| TASK DETAILS |
Please transcribe every record below exactly, leaving out the pictures.

(Collected data)

+ + + + + + +

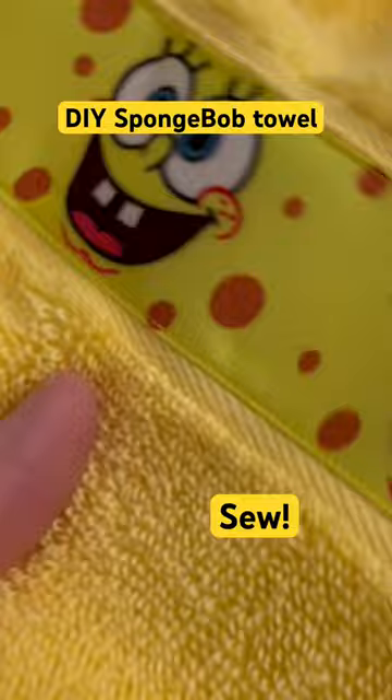I'm going to show you how to make some easy SpongeBob towels. First, you're going to need a towel and some ribbon. Next, we're going to be sewing along the edge of that ribbon.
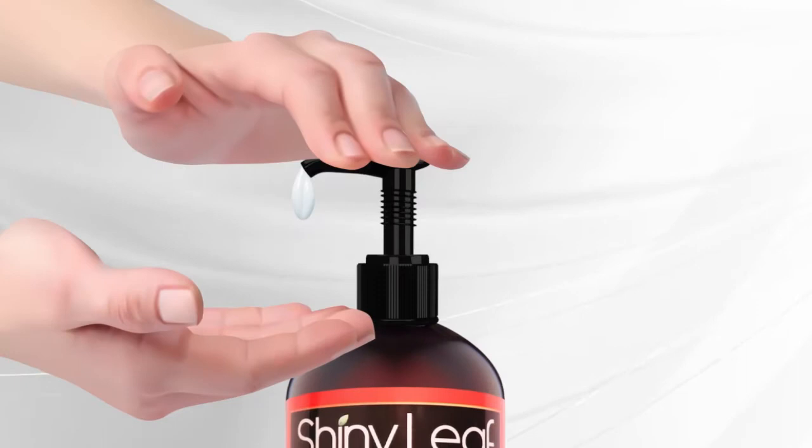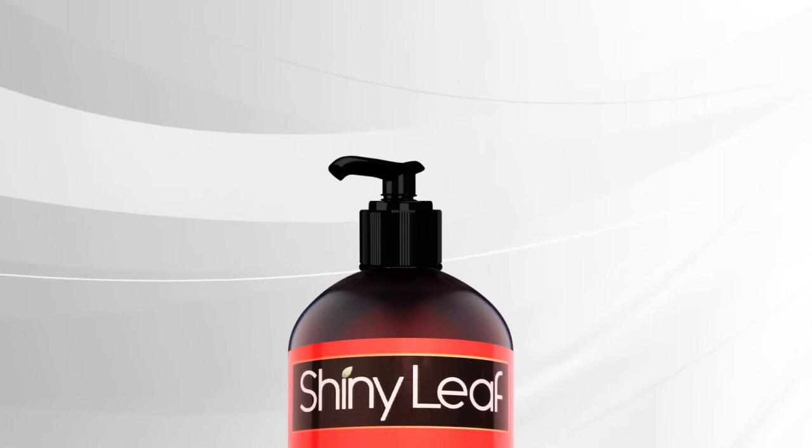You will need to press the pump a few times for the liquid to come out. You can press and twist to the right to lock back.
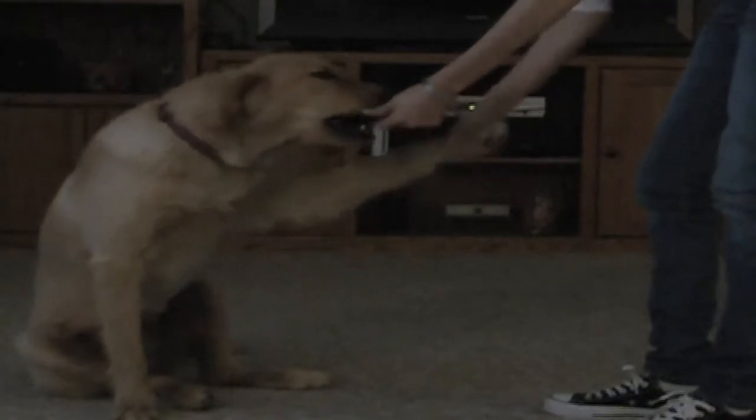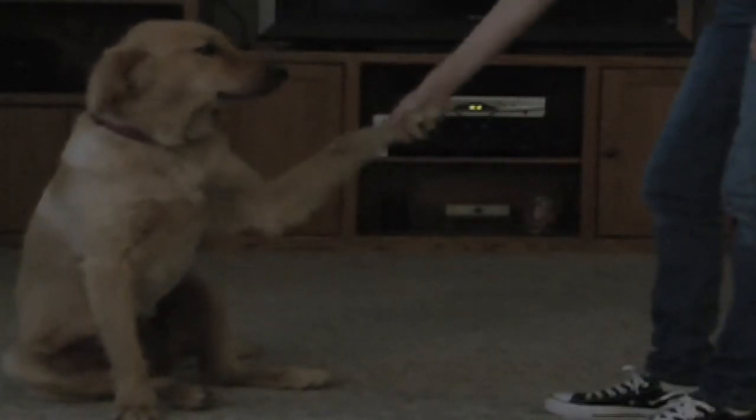Step 2. Put your dog in the sitting position. Grab his paw and shake it. Periodically give him treats and tell him to shake, or paw, or high five.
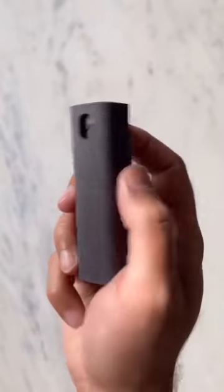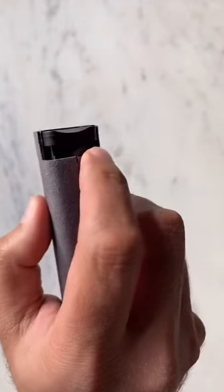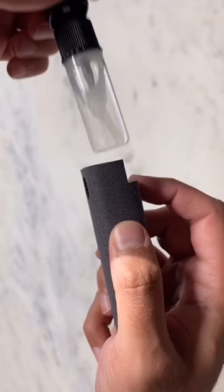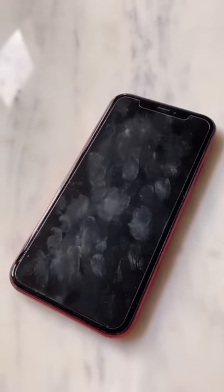Amazon must-haves part 11. This is a touchscreen mist cleaner. It's got a versatile design that's safe for all types of phones, laptops, and tablets. It's a spray and microfiber cloth all in one.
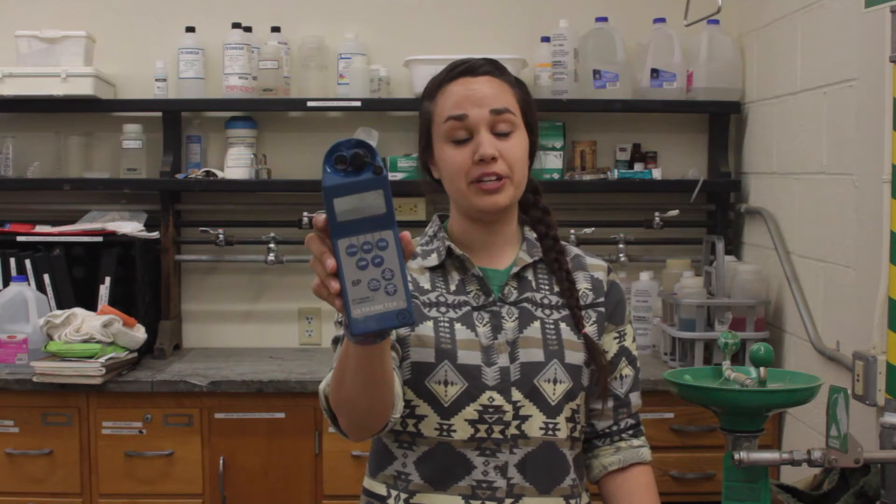Hi, I'm Jenny, and today I'm going to show you how to do a three-point calibration for pH on the Myron Ultrameter II.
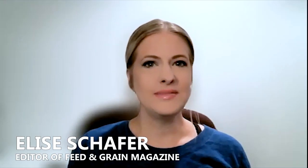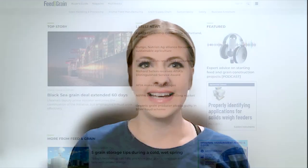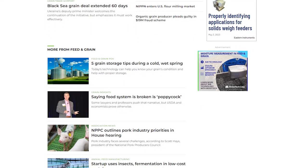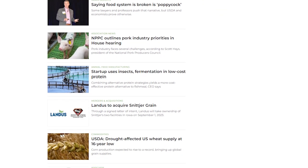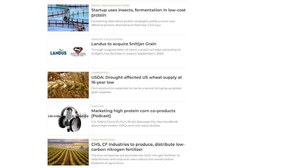Hi everyone and welcome to Feed and Grain Chat. I'm your host, Elise Schaefer, editor of Feed and Grain. This edition of Feed and Grain Chat is brought to you by Watt Global Media and FeedandGrain.com — your source for the latest news, product, and equipment information for the grain handling and feed manufacturing industries.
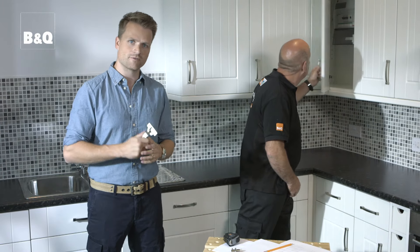Once you have your measurements and the number of hinges you'll need, you can go out and buy your new door and drawer fronts. Also think about the handles — you'll be surprised at what a difference they can make to the look of your kitchen.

+ + + + + + +

| YOUR SOLUTION |
I'm going to show you how to make some easy SpongeBob towels. First, you're going to need a towel and some ribbon. Next, we're going to be sewing along the edge of that ribbon.
You will need to press the pump a few times for the liquid to come out. You can press and twist to the right to lock back.
Step 2. Put your dog in the sitting position. Grab his paw and shake it. Periodically give him treats and tell him to shake, or paw, or high five.
Amazon must-haves part 11. This is a touchscreen mist cleaner. It's got a versatile design that's safe for all types of phones, laptops, and tablets. It's a spray and microfiber cloth all in one.
Hi, I'm Jenny, and today I'm going to show you how to do a three-point calibration for pH on the Myron Ultrameter II.
Hi everyone and welcome to Feed and Grain Chat. I'm your host, Elise Schaefer, editor of Feed and Grain. This edition of Feed and Grain Chat is brought to you by Watt Global Media and FeedandGrain.com — your source for the latest news, product, and equipment information for the grain handling and feed manufacturing industries.
Once you have your measurements and the number of hinges you'll need, you can go out and buy your new door and drawer fronts. Also think about the handles — you'll be surprised at what a difference they can make to the look of your kitchen.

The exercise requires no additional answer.